Authorities in Support of the Council. Theognostus; Dionysius of Alexandria; Dionysius of Rome; Origen
“If there be an Image of the Invisible God, it is an invisible Image; nay, I will be bold to add, that, as being the likeness of the Father, never was it not. For when was that God, who, according to John, is called Light (for 'God is Light'), without a radiance of His proper glory, that a man should presume to assert the Son's origin of existence, as if before He was not? But when was not that Image of the Father's Ineffable and Nameless and Unutterable subsistence, that Expression and Word, and He that knows the Father? For let him understand well who dares to say, 'Once the Son was not,' that he is saying, 'Once Wisdom was not,' and 'Word was not,' and 'Life was not.'”
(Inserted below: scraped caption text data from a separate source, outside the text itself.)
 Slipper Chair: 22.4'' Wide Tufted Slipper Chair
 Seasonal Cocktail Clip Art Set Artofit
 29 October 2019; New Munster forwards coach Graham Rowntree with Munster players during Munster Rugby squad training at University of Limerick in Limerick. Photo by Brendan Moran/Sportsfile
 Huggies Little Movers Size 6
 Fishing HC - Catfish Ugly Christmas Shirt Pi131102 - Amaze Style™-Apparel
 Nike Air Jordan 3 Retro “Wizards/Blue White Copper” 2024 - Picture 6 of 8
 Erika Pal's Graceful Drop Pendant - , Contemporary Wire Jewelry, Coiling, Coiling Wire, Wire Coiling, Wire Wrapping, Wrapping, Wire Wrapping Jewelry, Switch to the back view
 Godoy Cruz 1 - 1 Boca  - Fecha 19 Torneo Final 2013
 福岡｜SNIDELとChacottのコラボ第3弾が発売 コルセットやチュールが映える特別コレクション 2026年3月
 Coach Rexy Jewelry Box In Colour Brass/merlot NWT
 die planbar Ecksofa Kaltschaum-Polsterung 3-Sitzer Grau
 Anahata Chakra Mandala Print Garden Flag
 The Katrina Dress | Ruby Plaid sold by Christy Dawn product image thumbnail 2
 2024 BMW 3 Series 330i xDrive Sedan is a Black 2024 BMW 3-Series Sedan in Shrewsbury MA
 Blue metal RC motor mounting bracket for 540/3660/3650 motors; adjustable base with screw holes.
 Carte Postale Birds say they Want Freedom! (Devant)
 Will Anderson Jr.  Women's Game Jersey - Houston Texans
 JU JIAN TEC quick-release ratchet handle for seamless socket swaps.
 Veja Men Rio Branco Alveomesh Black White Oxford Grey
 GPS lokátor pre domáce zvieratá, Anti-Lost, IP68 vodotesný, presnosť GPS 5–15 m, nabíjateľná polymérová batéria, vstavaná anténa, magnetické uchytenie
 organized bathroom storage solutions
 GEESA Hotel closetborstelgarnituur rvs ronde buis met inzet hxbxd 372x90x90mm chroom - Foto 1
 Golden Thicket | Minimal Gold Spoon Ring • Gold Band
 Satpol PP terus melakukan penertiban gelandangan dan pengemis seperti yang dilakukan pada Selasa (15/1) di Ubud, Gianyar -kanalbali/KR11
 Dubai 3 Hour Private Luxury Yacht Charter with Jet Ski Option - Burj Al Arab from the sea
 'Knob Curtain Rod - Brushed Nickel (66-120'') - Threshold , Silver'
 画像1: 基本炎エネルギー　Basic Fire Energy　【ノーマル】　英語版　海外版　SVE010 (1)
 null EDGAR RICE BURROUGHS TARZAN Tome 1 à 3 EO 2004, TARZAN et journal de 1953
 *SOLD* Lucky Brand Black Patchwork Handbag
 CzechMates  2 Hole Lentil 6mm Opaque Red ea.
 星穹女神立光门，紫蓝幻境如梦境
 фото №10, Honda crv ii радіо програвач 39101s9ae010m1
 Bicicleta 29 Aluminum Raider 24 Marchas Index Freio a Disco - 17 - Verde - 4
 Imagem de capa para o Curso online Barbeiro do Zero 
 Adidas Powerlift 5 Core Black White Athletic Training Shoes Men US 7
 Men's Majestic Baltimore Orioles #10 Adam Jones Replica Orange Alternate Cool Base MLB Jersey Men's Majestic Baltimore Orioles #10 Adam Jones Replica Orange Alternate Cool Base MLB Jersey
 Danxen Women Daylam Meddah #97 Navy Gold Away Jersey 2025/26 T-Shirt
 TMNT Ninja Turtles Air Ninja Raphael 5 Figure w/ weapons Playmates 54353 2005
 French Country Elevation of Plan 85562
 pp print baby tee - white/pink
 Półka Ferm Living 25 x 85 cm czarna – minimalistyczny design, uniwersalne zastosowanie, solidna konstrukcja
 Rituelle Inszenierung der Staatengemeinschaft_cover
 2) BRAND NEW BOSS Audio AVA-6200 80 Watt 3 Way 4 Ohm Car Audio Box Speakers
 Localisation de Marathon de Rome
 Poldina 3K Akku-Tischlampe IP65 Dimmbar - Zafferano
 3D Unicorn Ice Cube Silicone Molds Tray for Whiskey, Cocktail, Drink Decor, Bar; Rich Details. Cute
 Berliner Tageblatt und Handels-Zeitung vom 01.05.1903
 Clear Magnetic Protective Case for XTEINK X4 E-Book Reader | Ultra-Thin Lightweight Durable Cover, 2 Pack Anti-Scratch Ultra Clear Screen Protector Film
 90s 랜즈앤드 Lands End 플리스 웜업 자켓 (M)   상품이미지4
And again elsewhere he says:—
“But it is not innocent nor without peril, if because of our weakness of understanding we deprive God, as far as in us lies, of the Only-begotten Word ever co-existing with Him; and the Wisdom in which He rejoiced; else He must be conceived as not always possessed of joy.”
See, we are proving that this view has been transmitted from father to father; but you, O modern Jews and disciples of Caiaphas, how many fathers can you assign to your phrases? Not one of the understanding and wise; for all abhor you, but the devil alone; none but he is your father in this apostasy, who both in the beginning sowed you with the seed of this irreligion, and now persuades you to slander the Ecumenical Council, for committing to writing, not your doctrines, but that which from the beginning those who were eye-witnesses and ministers of the Word have handed down to us. For the faith which the Council has confessed in writing, that is the faith of the Catholic Church; to assert this, the blessed Fathers so expressed themselves while condemning the Arian heresy; and this is a chief reason why these apply themselves to calumniate the Council. For it is not the terms which trouble them, but that those terms prove them to be heretics, and presumptuous beyond other heresies.